Die Anwohner gründen die Interessengemeinschaft Naturschutz Rödder, Vorsitzender wird Rainer Leiermann. Die Zustimmung ist groß: Die Zahl der Mitglieder wächst rasant, die gestartete Unterschriftenaktion ist ein voller Erfolg. Bis Ende Dezember werden über 13.000 Unterschriften gesammelt. Die Interessengemeinschaft will die Aktion fortsetzen, bis zum Erörterungstermin, der im Laufe des Jahres vom Kreis mit Blick auf noch fehlende beziehungsweise nachzureichende Unterlagen immer weiter nach hinten verschoben wird und nun erst in 2011 stattfindet. Daneben verfasst der Verein eine Stellungnahme, die an Landrat Konrad Püning übergeben wird, eine zweite ist in Vorbereitung. Unterstützung gibt es von der Stadt. Der Rat fasst eine Resolution gegen die Deponie, eine städtebauliche Stellungnahme für den Kreis spricht sich ebenfalls gegen die Pläne aus.

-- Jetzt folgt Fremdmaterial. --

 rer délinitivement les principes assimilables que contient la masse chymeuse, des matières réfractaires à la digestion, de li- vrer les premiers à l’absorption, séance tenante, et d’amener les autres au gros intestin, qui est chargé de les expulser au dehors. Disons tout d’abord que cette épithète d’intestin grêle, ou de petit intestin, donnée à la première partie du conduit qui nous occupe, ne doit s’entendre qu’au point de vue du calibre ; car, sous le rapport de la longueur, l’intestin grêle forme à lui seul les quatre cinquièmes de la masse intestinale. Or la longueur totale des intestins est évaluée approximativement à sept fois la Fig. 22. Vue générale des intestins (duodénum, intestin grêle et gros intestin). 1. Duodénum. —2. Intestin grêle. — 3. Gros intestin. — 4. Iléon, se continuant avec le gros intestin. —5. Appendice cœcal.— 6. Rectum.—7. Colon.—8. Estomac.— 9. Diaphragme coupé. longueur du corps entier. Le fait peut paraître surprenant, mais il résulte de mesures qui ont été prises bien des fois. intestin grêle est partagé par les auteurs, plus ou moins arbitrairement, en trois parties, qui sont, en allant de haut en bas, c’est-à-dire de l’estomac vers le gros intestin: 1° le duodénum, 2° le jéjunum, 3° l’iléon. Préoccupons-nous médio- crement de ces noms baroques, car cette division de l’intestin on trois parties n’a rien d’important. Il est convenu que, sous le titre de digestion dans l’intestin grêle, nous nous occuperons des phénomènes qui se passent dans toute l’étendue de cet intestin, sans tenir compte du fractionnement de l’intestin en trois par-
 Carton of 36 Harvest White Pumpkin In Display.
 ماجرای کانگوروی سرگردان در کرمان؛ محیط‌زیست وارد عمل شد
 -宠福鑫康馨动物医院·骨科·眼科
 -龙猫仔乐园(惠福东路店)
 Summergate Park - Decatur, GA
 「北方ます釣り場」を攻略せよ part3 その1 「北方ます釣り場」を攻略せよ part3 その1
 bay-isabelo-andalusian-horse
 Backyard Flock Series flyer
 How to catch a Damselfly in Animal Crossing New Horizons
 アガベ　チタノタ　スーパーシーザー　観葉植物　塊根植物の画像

Auch auf dem Schützenfest in Rödder ist die Bürgerinitiative vertreten. Die größte Veranstaltung der Deponie-Gegner ist eine Demonstration mit rund 500 Teilnehmern im November auf dem Markt. Wieder mit dabei: ein Autokran mit einem Schild in 25 Metern Höhe, wie schon bei der Informationsveranstaltung in Buldern. Bei der platzt der Saal von van Lendt aus allen Nähten, Stühle müssen herbeigeschleppt werden, dicht gedrängt sitzen die Leute. Die Veranstaltung ist für die Interessengemeinschaft ein voller Erfolg. Wenn jetzt von einem 25 Meter hohen Deponieberg die Rede ist, dann weiß jeder Anwesender, wie hoch 25 Meter sein können.